We believe that God created the world and everything in it, including human beings.

God created a perfect world. In the beginning, there was no sin--no hatred, no disunity, and no death. But God also allowed humans to make their own choices.

The first humans, Adam and Eve, disobeyed God, allowing sin to enter God's perfect world. From then on, every human has been born with sinful desires that lead to separation from God.

But the story doesn't end there. God loves the world and the people in it--so much, in fact, that he made a plan to take away the guilt of our sin.

God sent his son, Jesus, into the world as a human. Jesus gave his life to pay the price for sins he didn't commit. Jesus accepted the punishment for our sins so that we don't have to.

Three days after Jesus was killed, God brought Jesus to life again, defeating the power of death and evil. Jesus still lives today, eternally in heaven with God the Father. One day he will come back to earth to put an end to evil--sin, death, and pain--and renew all things. He will gather all who have believed in him from every time and place to live with him forever.

Our faith is centered in God's love for us demonstrated in Jesus Christ, his son.

When we accept Jesus' sacrifice for us and commit our lives to following him, God sees us as perfect, the way we were first created to be. We cannot manufacture such faith on our own; it is the result of God's Spirit working within us.

The Reformed View of Christian Faith

 

In the Reformed view, the final authority is the Bible--known as the Holy Scriptures, the Word of God.

The Reformed perspective is centered in the overwhelming love of God toward us. We believe that God is three in one--God the father, God the son (Jesus Christ), and God the Holy Spirit.

We believe that we are saved by grace alone through faith, not by what we think or do to earn God's favor.
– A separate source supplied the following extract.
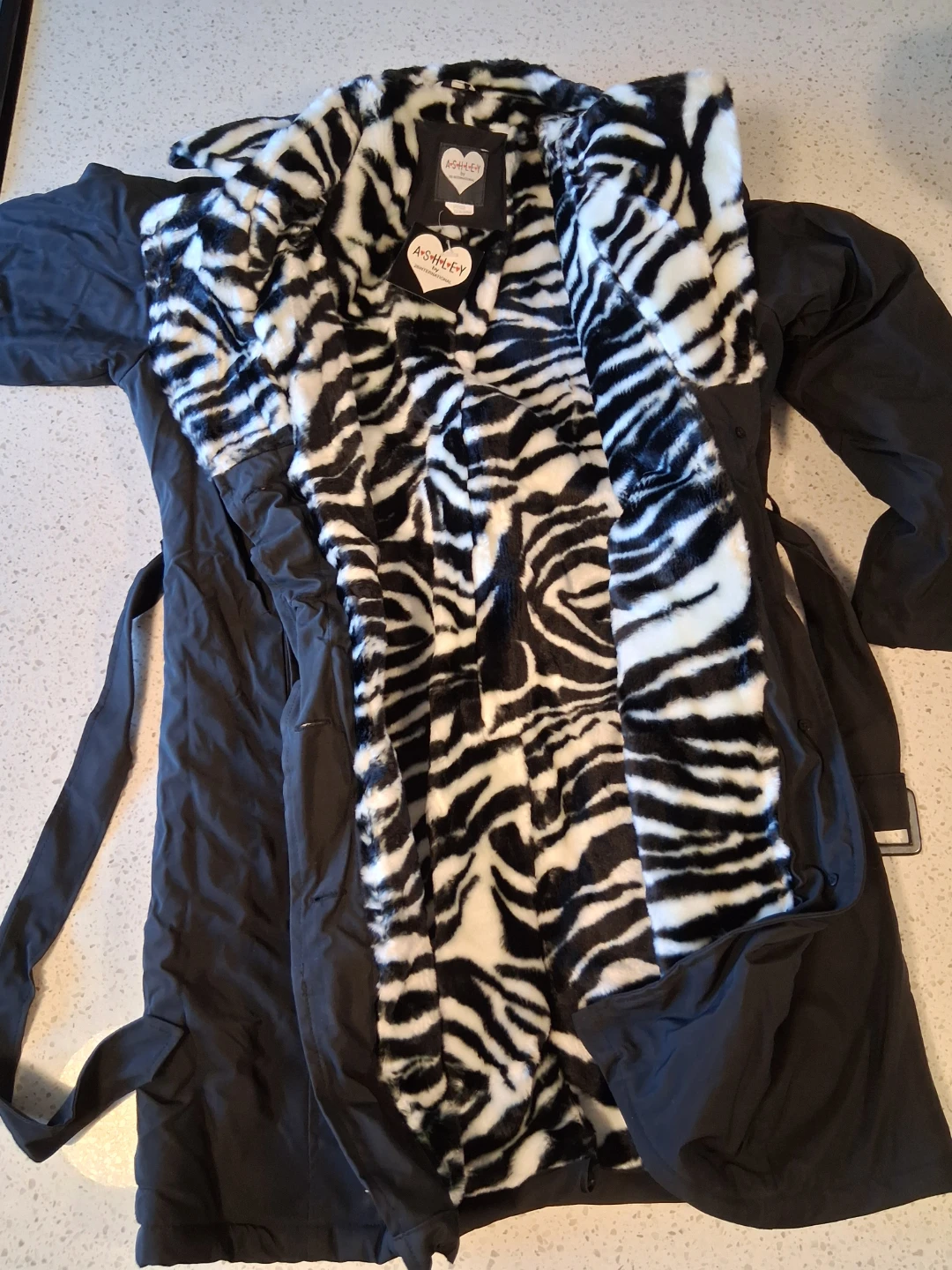 Women's jackets and coats - photo 5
Our good works don't earn our salvation, but are a way to thank God for this free gift of salvation.

The Reformed Church in America celebrates two sacraments: baptism and the Lord's Supper. They remind us of God's promises to us and help us to claim those promises as our own.

The RCA is confessional, which means that together we have statements of belief, called creeds and confessions. These statements guide our understanding of faith and shape its practice.

The RCA is "Reformed and always reforming," earnestly seeking to know the mind of Christ as it strives to be faithful in a changing, complex, and often troubled world.